Specifically, prime contractors (i.e., those having a direct contract with the owner of real property, including architects of record, GC’s, construction managers at-risk, design-builders, etc.) will need to serve the owner of the real property subject to the improvement. Likewise, first-tier subcontractors and more remote subs/suppliers will need to serve the owner, and will also need to serve the prime contractor through whom subrogated lien rights are being asserted. Assuming the statutory claim of lien form is followed, the names and address of these entities should be included in paragraph (2) of the claim of lien, just under the name and address of the lien claimant in paragraph (1). The statutory form can be found at N.C. Gen. Stat. § 44A-12.
Concerned about finding the proper addresses for service? The service address for the owner of the real property should be listed on the building permit and in the county tax rolls. Additionally, and in the event the owner and/or contractor are incorporated entities, the addresses of their respective registered agents for service can be found through the Corporations Division of the Department of the Secretary of State.
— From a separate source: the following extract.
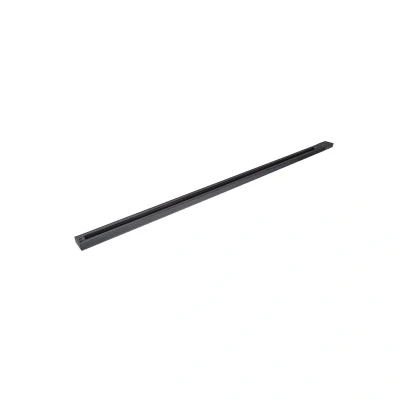 Image of Culina TOR 2 metre Single Circuit Track Black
What Magic Language Should My Claim of Lien on Real Property Contain?
The claim of lien should include a certificate of service that states something like the following:
I hereby certify that I have served the parties listed in paragraph (2) above in accordance with the requirements of G.S. § 44A-11.
How Do I Effect Service of My Claim of Lien on Real Property?
At the same time the claim of lien is filed with the appropriate clerk(s) of superior court in all counties where the improvement is located, the lien claimant should also be sure the owner and (in the case of subcontractor liens) the prime contractor receive a service copy of the claim of lien. Service can be effectuated by personal delivery, the U.S. Postal Service or overnight delivery service, and will be considered complete upon delivery. While no receipt will be required, I’ll probably be advising my clients to serve by certified mail, return receipt requested, and to save their green cards — just to be safe, and to have evidence that service was, in fact, effectuated, should such evidence ever be needed to rebut a claim that service was never made.
Do I Have to Serve My Claim of Lien on Real Property on the Same Day That I File It?
Not necessarily, but beware: both filing AND service will need to be effectuated within 120 days of the prime contractor’s last performance. My view is the best practice will be to get in the habit of sending a service copy up the contractual chain on the same day you file the original claim of lien with the appropriate clerk(s).
What Happens If I Fail To Serve My Claim of Lien?
Bad things, my friend, bad things. Failure to serve the claim of lien under the new regime will be fatal to enforcing your lien rights in court. Stated another way: you can kiss your lien rights goodbye if you don’t follow the new service requirements. Given that the old regime (i.e., no service required) will be in place for projects commencing before 1/1/2013 and the new regime (i.e., service required) will be in place for projects commencing on or after 1/1/2013, contacting an experienced construction law practitioner prior to asserting your lien rights may be your best move.